Study material:
---+---
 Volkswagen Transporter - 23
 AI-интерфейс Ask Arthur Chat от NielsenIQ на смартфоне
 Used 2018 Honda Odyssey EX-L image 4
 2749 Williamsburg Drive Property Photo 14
---+---
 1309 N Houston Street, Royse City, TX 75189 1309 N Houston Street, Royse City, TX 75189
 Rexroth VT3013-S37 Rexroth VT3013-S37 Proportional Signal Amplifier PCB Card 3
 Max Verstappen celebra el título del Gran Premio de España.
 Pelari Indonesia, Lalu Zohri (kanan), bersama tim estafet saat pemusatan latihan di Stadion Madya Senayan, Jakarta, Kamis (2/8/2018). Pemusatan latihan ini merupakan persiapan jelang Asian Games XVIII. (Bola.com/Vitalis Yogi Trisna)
---+---
Work to complete:
Find the line with "Volkswagen Transporter - 23" in the entries above. Retype it and each line after it, exactly, through the line with "2749 Williamsburg Drive Property Photo 14", and stop there.

Response to this task:
 Volkswagen Transporter - 23
 AI-интерфейс Ask Arthur Chat от NielsenIQ на смартфоне
 Used 2018 Honda Odyssey EX-L image 4
 2749 Williamsburg Drive Property Photo 14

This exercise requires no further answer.